The company reported the fund raising in a regulatory filing, according to the Wall Street Journal.
The firm plans to invest in innovative tech firms around the world. It has offices in Manhattan Beach and San Francisco in California, and Singapore.
The fundraising comes at a time when venture capital firms have become more cautious about funding in Asia after record levels in 2015. Since then the Chinese economy has slowed further, and the global economy remains weak.
B Capital Group has already invested in its first two portfolio firms — Singapore-based Ninja Van, a startup provider of e-commerce logistics services and US-based Evidation Health Inc., a digital health and analytics firm — from the new fund, the report said.
In a LinkedIn post, Saverin and Ganguly said that India and Southeast Asia will register high rates of growth in the near future, due to their large populations and increasing demand for better services.
According to the IMF, India’s GDP is about $2.1 trillion, with a 1.3 billion population. The GDP of the entire Southeast Asia region is $2.4 trillion, with a population of 628 million.
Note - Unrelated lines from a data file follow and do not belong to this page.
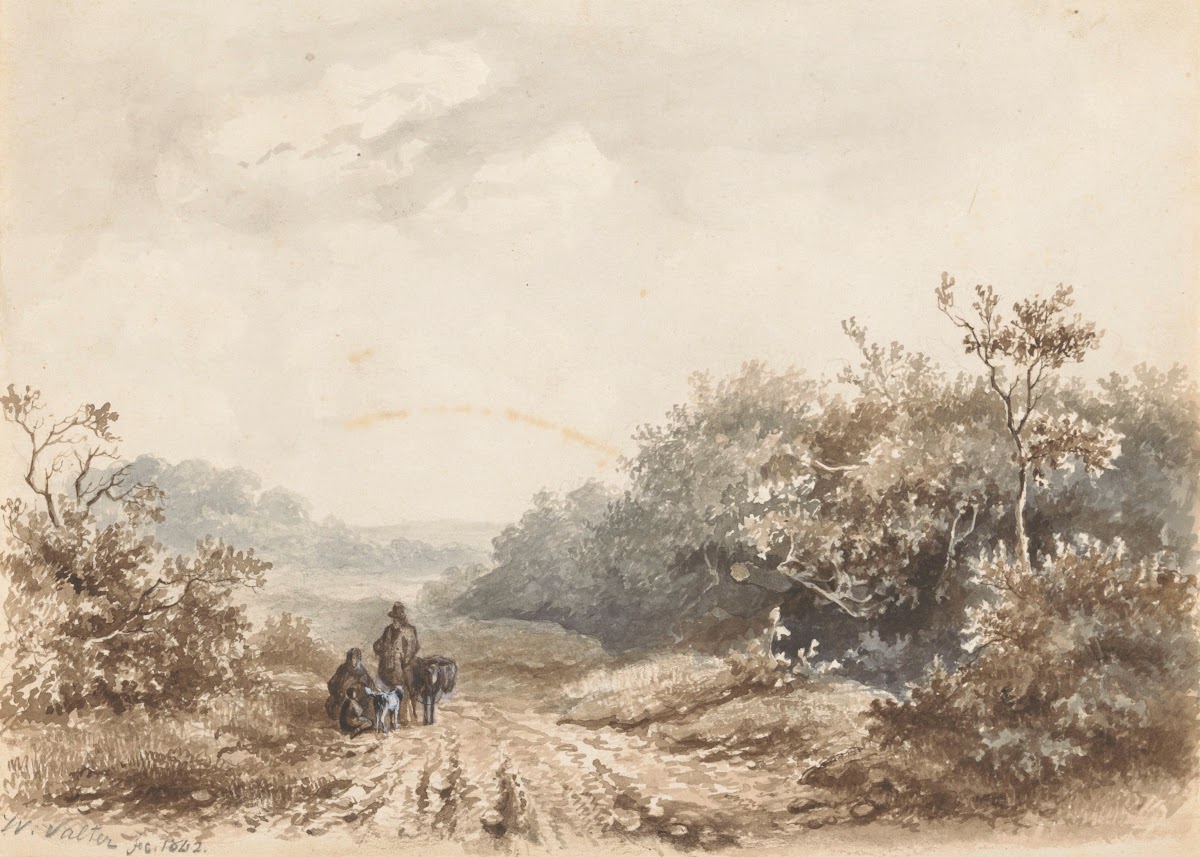 Landschap met een familie een schaap en een hond 1842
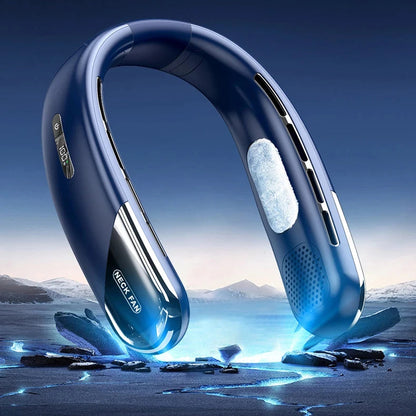 Blue AuraIcyy Neck Fan with a futuristic design on a snowy landscape background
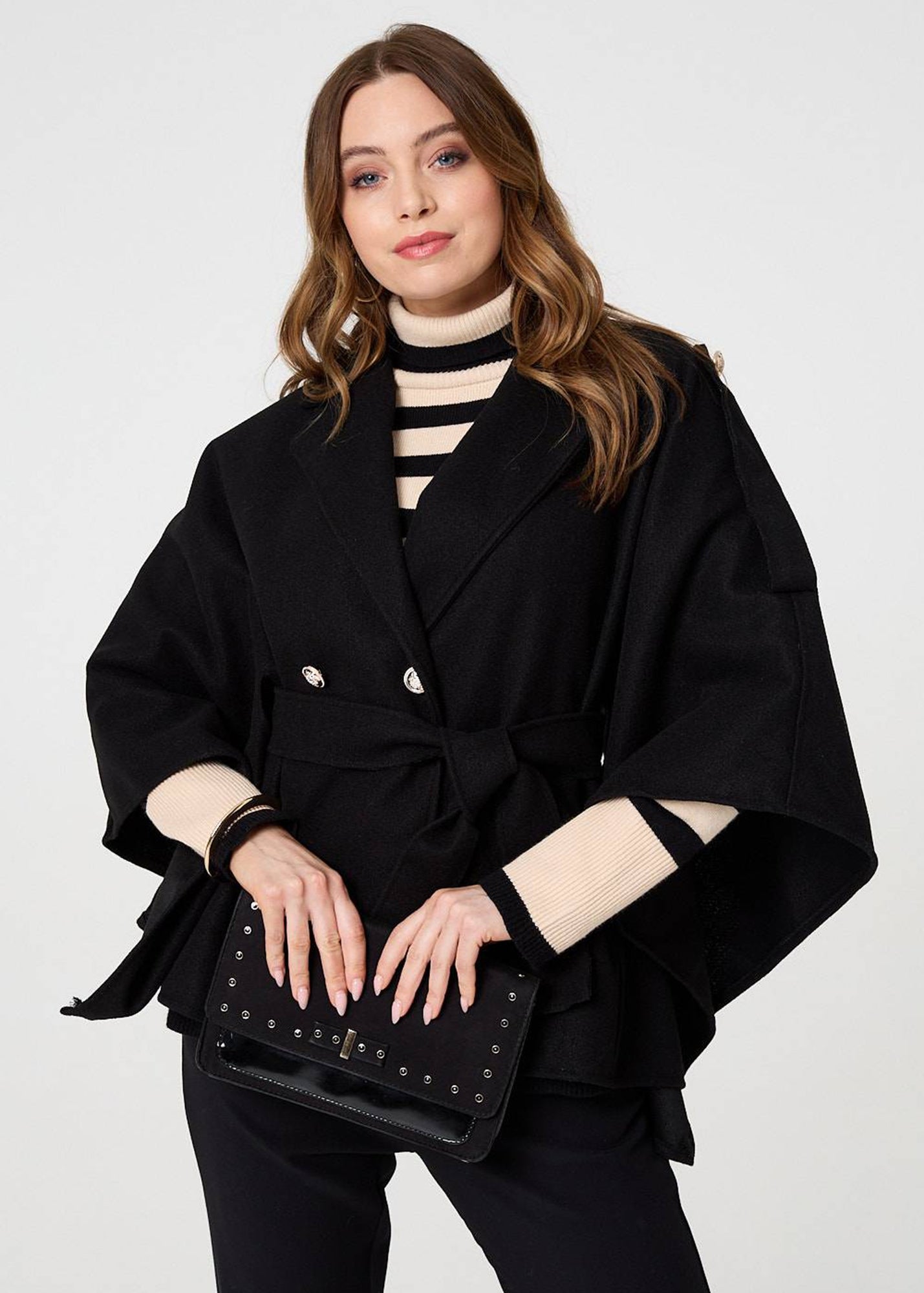 Izabel London Black Cape Coat With Belt - 12 | Matalan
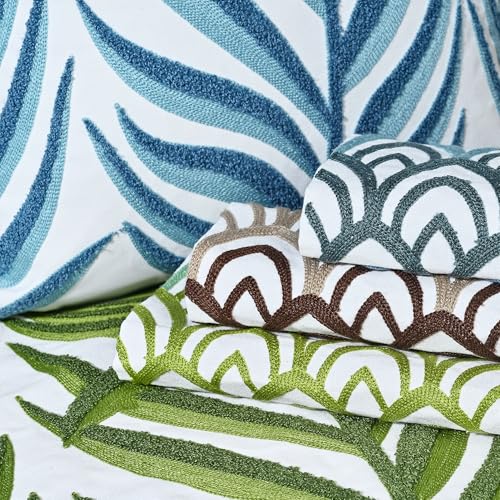 Tropical Leaf Plants Green and Grass Green Leaves Embroidered Throw Pillow Cover, Floral Decor Plant Cushion Covers for Farmhouse Couch Living Room Sofa Bedroom Chair Office Shop 18 x 18 Inches - color: Green and Grass Green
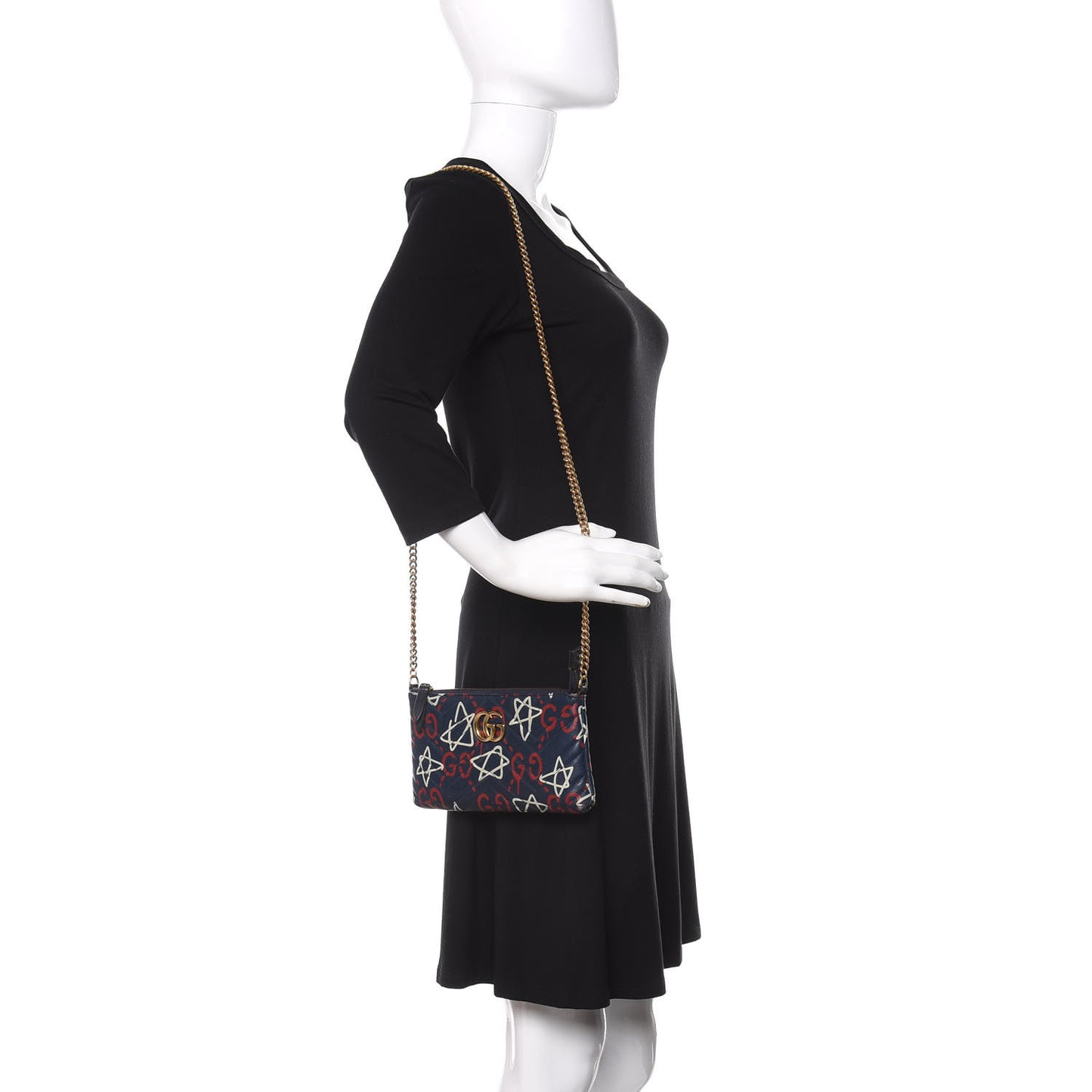 Calfskin Matelasse GucciGhost Mini GG Marmont Chain Bag Blue Agata Hibiscus Red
“To put things in perspective, the U.S. population is roughly 320 million people but has an enormous $18 trillion economy. Still, both India and Southeast Asia represent vast market potential. India is projected to grow at 5.9 per cent between 2014 – 2018 and Southeast Asia at 5.4 per cent. That is double the average U.S. growth rate of 2.5 per cent,” they said in the post.
“Yet, many investors traditionally bet on the U.S. market. In 2015, the U.S. alone saw a total of $58.8 billion in venture investments. Contrast that number with Asia, which has a population 10 times the size of the U.S., but only saw $55.3 billion in venture investments in 2015.”
Last year, China received the majority of VC funding in Asia, totaling $41.8 billion. India came second with $8 billion, while Southeast Asia got only $1.6 billion.
Saverin and Ganguly said they want to help entrepreneurs in Silicon Valley and Asia learn lessons from their experiences.
“We believe there are many invaluable lessons and experience that can be shared from both sides. For instance, a startup based in the valley might have insights that can help companies in emerging markets leapfrog the technology ladder. At the same time, entrepreneurs from developed markets can learn a thing or two on the complexity of cracking on-demand hyper local challenges from their counterparts in say, India.”
They also said that they want to address the funding gap at post-Series A stages. In Southeast Asia, about 90 per cent of VC funding was made at the seed and early stage levels, compared with 57 per cent in the US.
“We observe companies with fewer options and a potential gap in growth stage funding, especially Series B and C, which are crucial in taking a company from proving product-market fit to achieving scale successfully,” they said in the post.
“From an aggregate funding perspective, it’s clear to us that the funding gap has existed for a while. Funding pace improved around 2005/06 in India when there was a sharp increase in new VC funds and private investments almost tripled. For Southeast Asia, the inflection point came in 2013, when technology investments jumped from about $200 million in 2012 to $800 million in 2013. While such recent growth has been encouraging for both India and Southeast Asia, current levels of funding still pale in comparison to the U.S. and China,” Saverin and Ganguly said in the post.
The World Bank has said that India is likely to the world’s fastest growing economy until at least 2018. Several Southeast Asian countries such as Indonesia, Vietnam and Malaysia are also likely to grow at a faster pace than most other world countries.